The effort was a part of Reed Construction Data’s AEC Cares program, in partnership with Hanley Wood, which collects donated building materials and then organizes volunteers to participate in a service project in the local community of that year’s convention. Volunteers worked with students to repair the basic frame of the structure, install windows, and add an addition with a donated brick façade, giving them hands-on construction experience.
Sasha Bruce Youthwork provides health services, education, employment, and leadership training as well as stable housing for at-risk youth in Washington, D.C. The new center, located at 5032 D Street SE, will provide not only longer-term housing for homeless teens finishing high school, but offices for staff, a communal kitchen, and a greenhouse for growing and selling produce.

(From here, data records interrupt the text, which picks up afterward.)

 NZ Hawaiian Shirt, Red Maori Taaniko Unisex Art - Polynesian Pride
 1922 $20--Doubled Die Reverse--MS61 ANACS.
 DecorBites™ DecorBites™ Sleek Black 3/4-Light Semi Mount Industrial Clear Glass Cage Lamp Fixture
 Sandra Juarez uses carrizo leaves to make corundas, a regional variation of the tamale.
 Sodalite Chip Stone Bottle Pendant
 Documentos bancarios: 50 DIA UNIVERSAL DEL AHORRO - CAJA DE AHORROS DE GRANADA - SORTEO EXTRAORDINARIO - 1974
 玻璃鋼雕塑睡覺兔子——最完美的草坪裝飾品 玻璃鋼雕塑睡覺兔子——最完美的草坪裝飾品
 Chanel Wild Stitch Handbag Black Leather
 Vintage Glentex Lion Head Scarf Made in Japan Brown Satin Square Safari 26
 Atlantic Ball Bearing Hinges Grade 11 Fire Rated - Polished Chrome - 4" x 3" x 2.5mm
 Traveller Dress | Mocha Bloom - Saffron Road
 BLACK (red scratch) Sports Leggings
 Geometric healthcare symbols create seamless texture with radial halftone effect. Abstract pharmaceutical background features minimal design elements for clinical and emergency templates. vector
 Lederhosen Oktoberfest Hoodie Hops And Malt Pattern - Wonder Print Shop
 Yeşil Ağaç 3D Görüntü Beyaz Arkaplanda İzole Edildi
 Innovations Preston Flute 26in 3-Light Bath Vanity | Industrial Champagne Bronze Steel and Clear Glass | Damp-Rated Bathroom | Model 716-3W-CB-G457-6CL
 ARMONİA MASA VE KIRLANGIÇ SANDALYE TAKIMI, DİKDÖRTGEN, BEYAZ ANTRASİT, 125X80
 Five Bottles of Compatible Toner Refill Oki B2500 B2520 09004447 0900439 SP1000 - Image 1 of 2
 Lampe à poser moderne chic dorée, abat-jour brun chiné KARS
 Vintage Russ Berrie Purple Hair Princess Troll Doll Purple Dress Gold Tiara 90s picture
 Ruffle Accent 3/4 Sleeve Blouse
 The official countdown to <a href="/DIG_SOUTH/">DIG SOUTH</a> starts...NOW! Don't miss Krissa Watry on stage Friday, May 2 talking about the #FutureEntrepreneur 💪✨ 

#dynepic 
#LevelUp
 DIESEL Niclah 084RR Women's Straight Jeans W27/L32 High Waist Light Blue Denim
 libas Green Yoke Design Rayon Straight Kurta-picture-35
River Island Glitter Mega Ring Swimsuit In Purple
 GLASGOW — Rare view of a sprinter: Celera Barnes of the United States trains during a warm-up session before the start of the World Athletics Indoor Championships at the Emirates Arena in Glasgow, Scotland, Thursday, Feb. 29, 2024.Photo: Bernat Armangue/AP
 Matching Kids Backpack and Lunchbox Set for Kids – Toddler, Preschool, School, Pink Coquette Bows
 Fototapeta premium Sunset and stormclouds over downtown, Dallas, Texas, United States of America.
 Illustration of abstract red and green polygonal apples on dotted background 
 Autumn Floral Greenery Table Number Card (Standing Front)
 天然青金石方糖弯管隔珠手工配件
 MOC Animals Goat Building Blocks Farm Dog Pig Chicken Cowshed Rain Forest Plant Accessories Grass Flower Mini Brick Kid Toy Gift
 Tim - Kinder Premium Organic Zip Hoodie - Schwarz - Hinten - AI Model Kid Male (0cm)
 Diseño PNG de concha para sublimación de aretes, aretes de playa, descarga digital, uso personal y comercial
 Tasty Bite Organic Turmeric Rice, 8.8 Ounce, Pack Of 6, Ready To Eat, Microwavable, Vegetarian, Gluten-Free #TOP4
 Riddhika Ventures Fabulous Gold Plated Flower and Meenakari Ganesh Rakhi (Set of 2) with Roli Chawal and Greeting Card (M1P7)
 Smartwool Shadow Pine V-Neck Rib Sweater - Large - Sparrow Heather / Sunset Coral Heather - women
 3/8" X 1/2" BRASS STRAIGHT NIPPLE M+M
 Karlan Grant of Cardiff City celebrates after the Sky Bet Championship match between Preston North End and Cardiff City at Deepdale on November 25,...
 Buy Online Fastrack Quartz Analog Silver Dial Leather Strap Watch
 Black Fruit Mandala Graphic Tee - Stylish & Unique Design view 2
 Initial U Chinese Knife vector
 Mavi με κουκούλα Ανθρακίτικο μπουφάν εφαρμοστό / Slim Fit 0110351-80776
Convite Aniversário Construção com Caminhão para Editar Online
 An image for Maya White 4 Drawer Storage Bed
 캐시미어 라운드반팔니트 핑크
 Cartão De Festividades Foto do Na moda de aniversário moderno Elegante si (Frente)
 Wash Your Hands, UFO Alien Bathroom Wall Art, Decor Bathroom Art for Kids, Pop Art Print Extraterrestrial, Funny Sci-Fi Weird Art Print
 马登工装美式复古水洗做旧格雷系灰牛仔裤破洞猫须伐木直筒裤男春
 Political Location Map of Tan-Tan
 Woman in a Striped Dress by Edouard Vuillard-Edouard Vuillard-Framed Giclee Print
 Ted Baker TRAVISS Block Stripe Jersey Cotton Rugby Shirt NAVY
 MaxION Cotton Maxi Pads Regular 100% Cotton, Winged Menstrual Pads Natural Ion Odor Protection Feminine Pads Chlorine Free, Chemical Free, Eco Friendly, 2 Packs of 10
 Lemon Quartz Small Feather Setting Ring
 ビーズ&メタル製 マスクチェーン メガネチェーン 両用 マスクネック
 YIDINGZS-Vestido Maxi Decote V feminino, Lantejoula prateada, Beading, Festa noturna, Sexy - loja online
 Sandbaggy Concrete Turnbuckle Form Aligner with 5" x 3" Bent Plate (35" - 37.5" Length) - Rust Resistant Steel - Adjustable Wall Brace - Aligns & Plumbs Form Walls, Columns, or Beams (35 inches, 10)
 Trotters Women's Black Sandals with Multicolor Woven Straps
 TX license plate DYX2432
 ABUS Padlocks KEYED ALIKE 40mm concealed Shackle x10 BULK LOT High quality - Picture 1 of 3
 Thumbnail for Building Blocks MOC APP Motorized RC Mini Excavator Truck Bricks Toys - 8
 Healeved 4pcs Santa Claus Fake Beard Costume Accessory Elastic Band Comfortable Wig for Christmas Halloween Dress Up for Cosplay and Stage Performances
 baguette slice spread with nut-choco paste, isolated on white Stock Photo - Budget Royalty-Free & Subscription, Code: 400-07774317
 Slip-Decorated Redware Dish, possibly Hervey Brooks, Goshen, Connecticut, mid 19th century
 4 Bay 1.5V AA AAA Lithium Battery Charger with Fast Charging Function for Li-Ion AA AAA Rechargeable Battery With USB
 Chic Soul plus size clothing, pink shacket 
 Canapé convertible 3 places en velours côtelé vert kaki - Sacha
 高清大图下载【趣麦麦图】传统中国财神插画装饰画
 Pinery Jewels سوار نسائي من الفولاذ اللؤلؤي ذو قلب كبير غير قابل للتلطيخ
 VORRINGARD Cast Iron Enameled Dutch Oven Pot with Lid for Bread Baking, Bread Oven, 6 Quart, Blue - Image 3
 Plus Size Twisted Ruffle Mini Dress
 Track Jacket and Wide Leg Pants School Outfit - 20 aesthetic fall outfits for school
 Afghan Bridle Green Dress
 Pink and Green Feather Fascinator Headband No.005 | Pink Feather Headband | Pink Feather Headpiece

“Sasha Bruce Youthworks does so much good locally,” says Reed Construction Data CEO Iain Melville. “So for the AEC community to come together and to contribute the labor, materials, time, money, and know-how, which make a lasting difference to young lives in D.C., was both humbling and uplifting.”
Deborah Shore, executive director and founder of Sasha Bruce, noted the importance of the day for the student volunteers. “This really fulfills our mission not just to alleviate the issues that get in the way of young people reaching their potential, but to bring a very, very dilapidated building to a point where we'll be able to move into it,” she says. “It’s a great gift that made something happen in the District with lasting staying power.”
While the center would not be ready until summer, the director of Reed’s AEC Cares program, Sheyla Walker, noted that Reed was able to jumpstart the most critical stages of the project by first securing building material donations, and then planning and managing the logistics of the event. “Our help really got it off the ground. It allowed us to have multiple volunteers on-site and multiple projects going on simultaneously,” she says. “Reed gets to see where it started, how it will evolve, and is able to monitor the process through completion.”
A few others will be looking on eagerly as well. Washington, D.C., Mayor Vincent Gray was in attendance, along with Wendy Spencer, CEO of the Corporation for National & Community Service. AIA Illinois Executive Vice President Mike Waldinger, Hon. AIA, also volunteered at the event. “Volunteering builds relationships in the community. It opens doors for you to talk about architecture,” he says. “Real life is happening all around us for people who never knew they needed an architect until meeting one who volunteered.”